Can anyone help me understand my observations?


----------



## Sugarpot (Dec 30, 2017)

The J function is much a planner while the P tends to not follow plans, but follow as things come. The main difference between xNTJs and xNTPs is that NTJs use Ni, Te, Se and Fi while NTPs Use Ti, Ne, Si and Fe. So they are completely different ways of thinking in the end.


----------



## Sugarpot (Dec 30, 2017)

sm1 said:


> I am looking for an explanation of the form "Being an executive/entrepreneurs requires this, this, and this and ENTJ/ENTP have these traits which make them more suitable for this and these traits which they have make them less likely to pursue the other alternative.
> 
> Note that while a lot of counter examples exist, but even if you look closely in these counter examples, you might see the judgement holds true. For example,
> 
> ...


For this precise use of Te-Ni that one can view the big picture and being a J makes one carry the plan until the end without losing sight from the vision with temporary non-realistic ideas. I identify myself an Entrepreneur but I cannot see why not an ENTP could be an Entrepreneur. Much more than ESTJs, ENTPs tend not to like the routine of executioning business, they would rather change, alter the business as it goes. And ESTJs have to take the lead there, and leave the ENTP for a more creative position than an 'executive' position. ESTJs are the executives. I think you gathered some mistyped information on this. But many names are coined to our types... ENTJ is even called the leader of leaders (which I find too much of a muchness). Just because we are good at leading other leading types while being leaders ourselves, we better organize the structure for each leader and we can end up in a co-founder position many times...


----------



## DAHN (May 13, 2011)

Executives tend to like managing businesses and Entrepreneurs tend to like to start businesses.


----------



## Sugarpot (Dec 30, 2017)

DAHN said:


> Executives tend to like managing businesses and Entrepreneurs tend to like to start businesses.

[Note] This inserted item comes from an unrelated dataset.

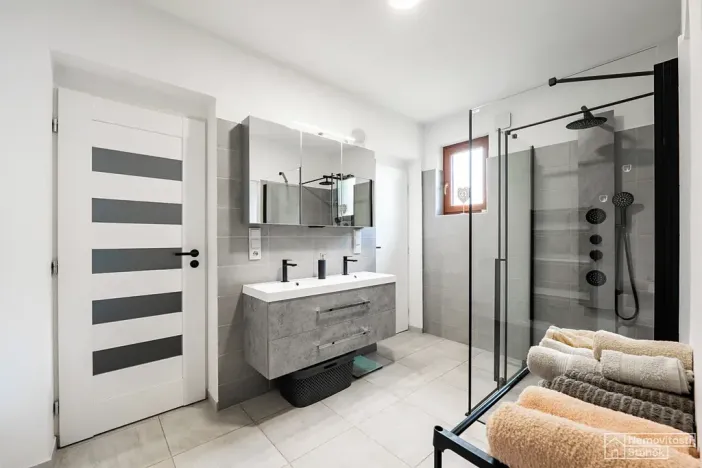 Prodej rodinného domu, Chyšky, 170 m2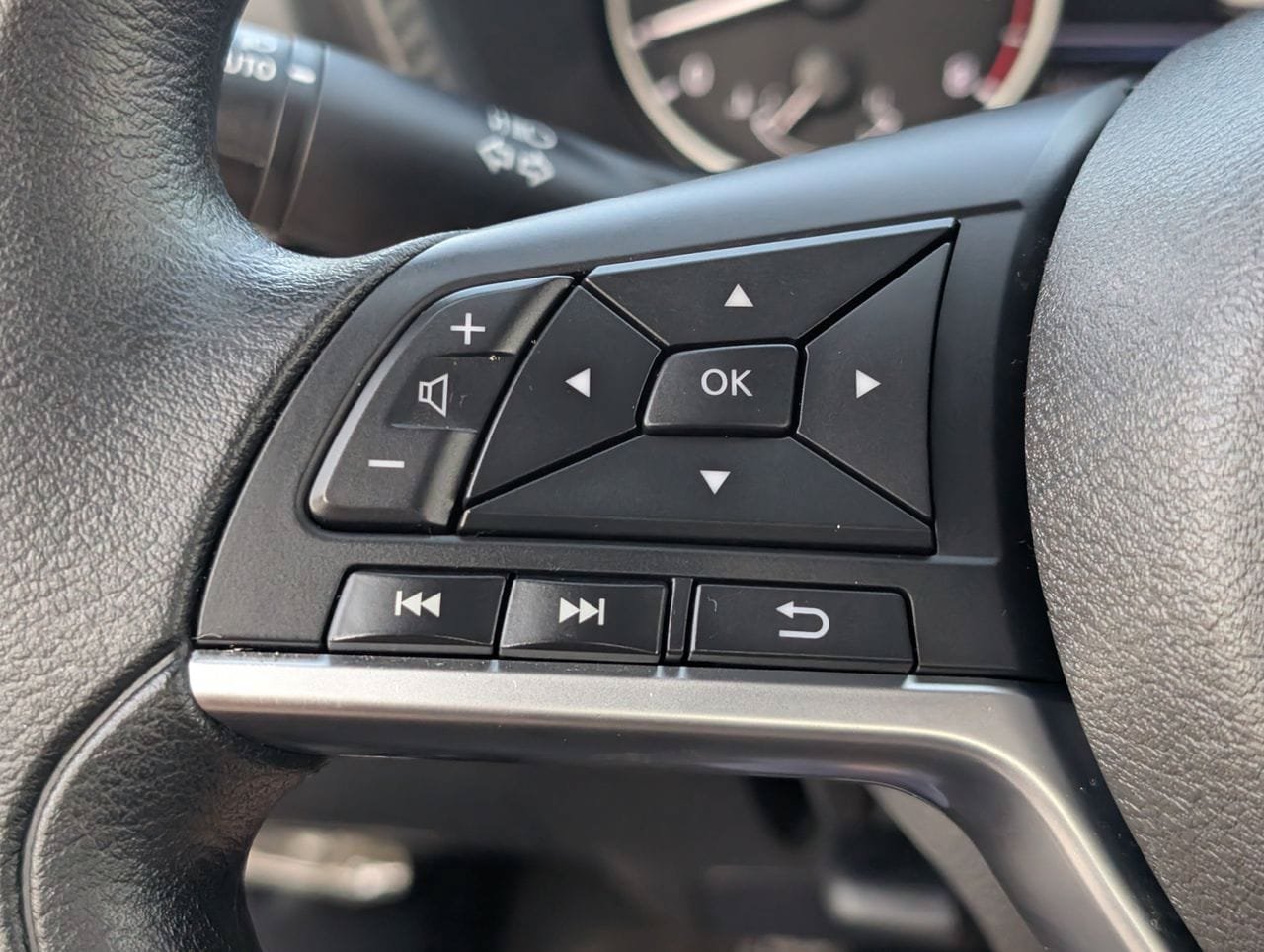 Certified 2024 Nissan Sentra SV FWD image 22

You have to be a J to be strategist (TeNi) or else you're a theorist (NeTi) and will be very difficult to stick to a plan. But in no way this means ENTPs can start businesses themselves, it's just not that much common among all ENTPs as it is for ENTJs (ENTJs vary between Military Generals and Infrastructural CEOs). There is much work that requires an ENTJ to structure it very abstractly for a group to take over the work, so very oftenly an already infrastructure of business is delivered in the hands of an ENTP who will use that infrastructure to begin their own business starting from the details of what area is of their most interest. The problem with the ENTJ is that the interests are too wide in variety and that leaves a lot of open doors for other leaders and CEOs because just one person cannot manage too many different businesses. That's how Bill Gates accidently owned the entire GUI infrastructure of Apple, when Apple figured out the only way to solve this for them was to not only use BASIC as they have the perfect floating pointer for the development of the GUI but also, the development of the GUI had Bill Gates working together with employees of Apple and a huge share of Apple is owned by Microsoft because of that... when Apple II came around and they were scared to never accomplish the GUI we use up to this day and lose it all to Microsoft. Steve Jobs vs Bill Gates (an ENTJ who was very rude, may he rest in peace, vs a better ENTJ who is calm)


----------



## Sugarpot (Dec 30, 2017)

Nowadays Bill Gates passed Microsoft to Steve Ballmer (ESTJ) and we can see the complete total lack of ingenuity and creativity of OSes, we just have Microsoft delivering the Windows versions each time more frequently that most people didn't catch up and we have a variety of people who go back to Windows 9, Windows 8 and specially my favorite Windows 7. Because there is not much to add to these other windows in comparison to the progress the previous had in comparison to the 7 (after that it just downspiralled from there).
But the products are always delivered, on time, or even worse... before the time!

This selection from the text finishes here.